It is appalling that anyone would suggest replacing the VC with anything else when the last Canadian holder of a VC (Smokey Smith) is
recently deceased.  The whole system of honours and awards, medals and decorations is to reward based on heritage and tradition.  
The VC is a major part of Canadian history and one day some enemy somewhere somehow will put a Canadian into a position
where he or she is forced to earn one again.  A Vimy Cross?   : No thanks.  The VC, even a Canadianized version made from the same Cannon of the Crimea as the original VCs, is much better and entirely appropriate as the first Canadian recipient of a VC was Lt. Alexander Dunn who won  his VC in the Charge of the Light Brigade in the Crimean War.  This thread is well-named as the VC truly is "the big one."


----------



## Spr.Earl (22 Aug 2005)

I'm sick and tired of our history being not taught in school,our Military being neglected now we have some shit pump trying to change our Highest Honour,hey we let the Gov. change the Valour to Valoure or what ever.
I came to this Country as a kid of 12 and loved the traditions like Dominion Day,Oh whats that you say?Yup Pierre Le Fluff changed it along with many like all one Uniform,Oh who was that.Oh yeh Paul Hillier.

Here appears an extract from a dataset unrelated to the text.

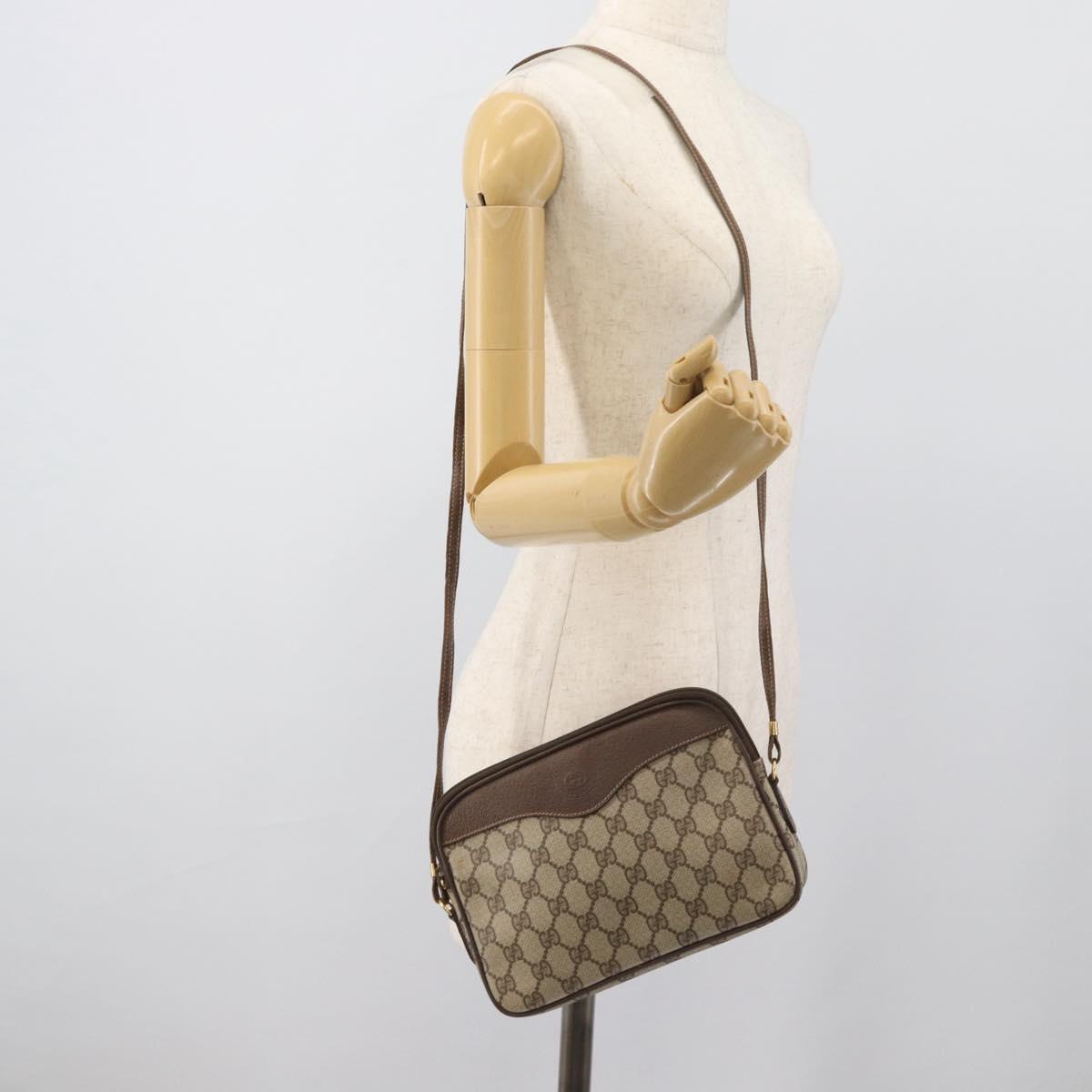 GUCCI GG Supreme Shoulder Bag PVC Leather Beige Gold 007 115 6428 Auth ka5493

This is no longer the Canada I knew and loved.
I feell sorry for you youngn's.
Step up and speak out and object!!


----------



## Bill Smy (22 Aug 2005)

I was once told that when the Government set out to establish a Canadian honours system, in the formal documentation listing which British honours were to be replaced, the Victoria Cross was inadvertently left off the submission to the Queen. Howerver, during all the PR of the day, this was overlooked.  

Most Canadians meekly accepted the changes as irreversable, but a small group of die-hards kept up the fight. Then in the early 1990s the oversight was discovered. At that point the Government was too embarrassed to go back to the Queen and have the VC retroactively formally stricken from the Canadian honours list. Solution? By God, the motto was not bilingual --so instead of awarding the historic medal, we'll Canadianize it with a Latin version of "For Valour"!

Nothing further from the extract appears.